-- Opening Marker --

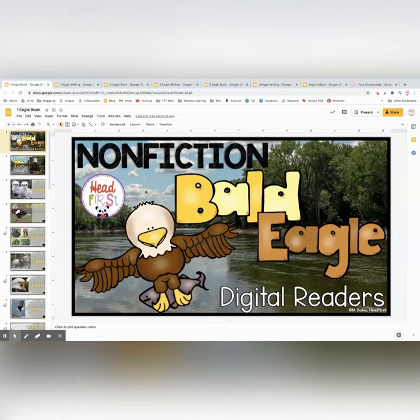Hi friends, it's Melissa from Headfirst. I wanted to share with you my non-fiction Bald Eagle digital readers. These come in a digital format and there's also a printable version. I'm going to show you the digital version first.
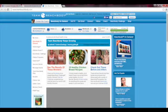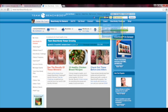Begin with signing in to teambeachbody.com with your username and password. Then make your way over to where it says Coach on the navigation bar and click on Coach Online Office.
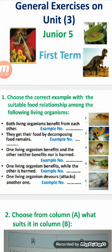Fourth type — one living organism benefits while the other is harmed. This food relationship is called parasitism; it's one type of symbiosis. Its example will be number 1: mosquito and man, because the mosquito is an external parasite that causes malaria disease to man as its host.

-- Closing Marker --

TASK REQUIREMENTS:
Copy the whole of the material above exactly, but not its images.

RESPONSE BELOW:
Hi friends, it's Melissa from Headfirst. I wanted to share with you my non-fiction Bald Eagle digital readers. These come in a digital format and there's also a printable version. I'm going to show you the digital version first.
Begin with signing in to teambeachbody.com with your username and password. Then make your way over to where it says Coach on the navigation bar and click on Coach Online Office.
Fourth type — one living organism benefits while the other is harmed. This food relationship is called parasitism; it's one type of symbiosis. Its example will be number 1: mosquito and man, because the mosquito is an external parasite that causes malaria disease to man as its host.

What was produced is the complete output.